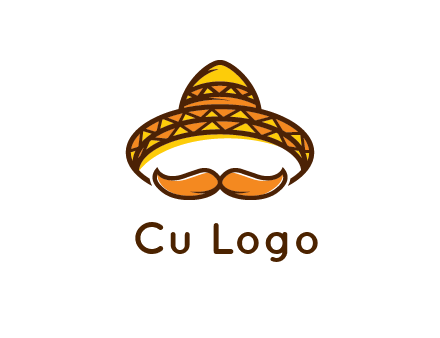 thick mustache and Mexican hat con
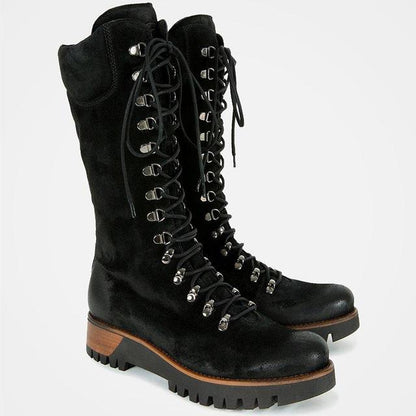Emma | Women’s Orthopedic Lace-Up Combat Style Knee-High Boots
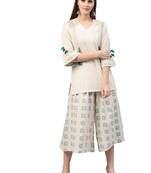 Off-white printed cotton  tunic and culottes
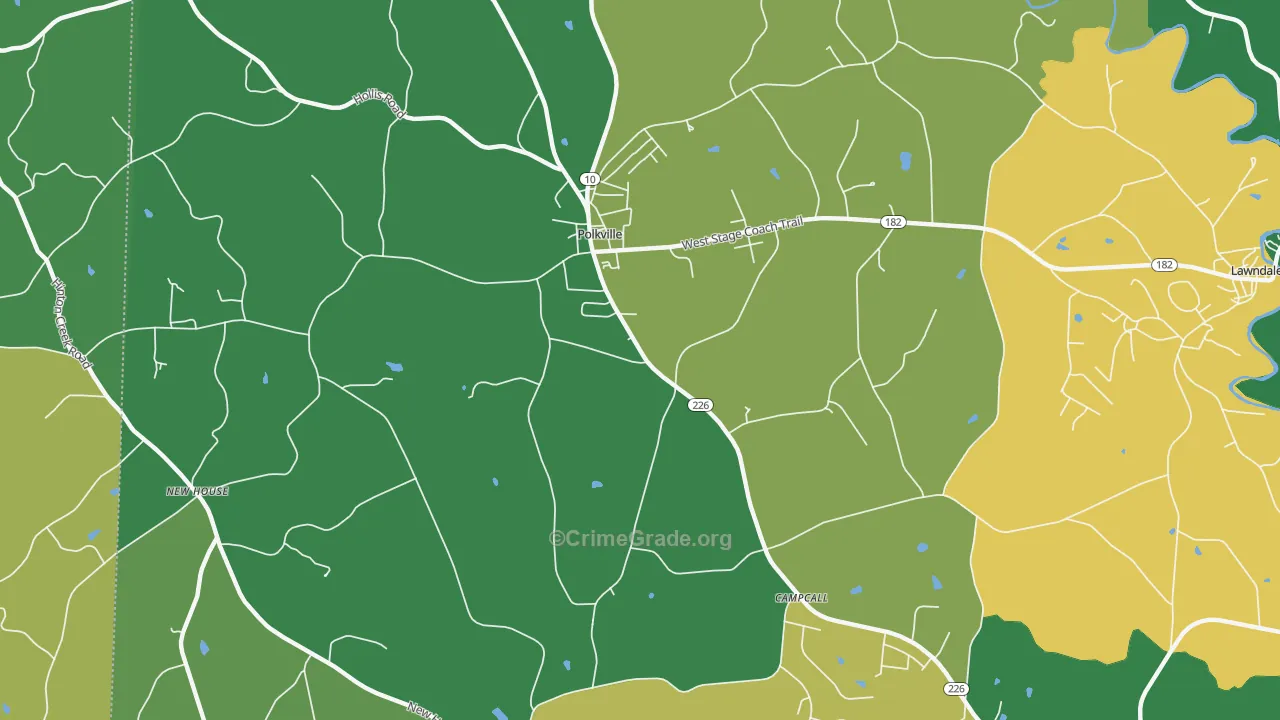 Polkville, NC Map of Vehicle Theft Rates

※ ※ ※

*EXERCISE AIM:* Write the listing again exactly, duplicating every line and skipping the pictures.

*OUTPUT FOR THIS EXERCISE:*
 thick mustache and Mexican hat con
Emma | Women’s Orthopedic Lace-Up Combat Style Knee-High Boots
 Off-white printed cotton  tunic and culottes
 Polkville, NC Map of Vehicle Theft Rates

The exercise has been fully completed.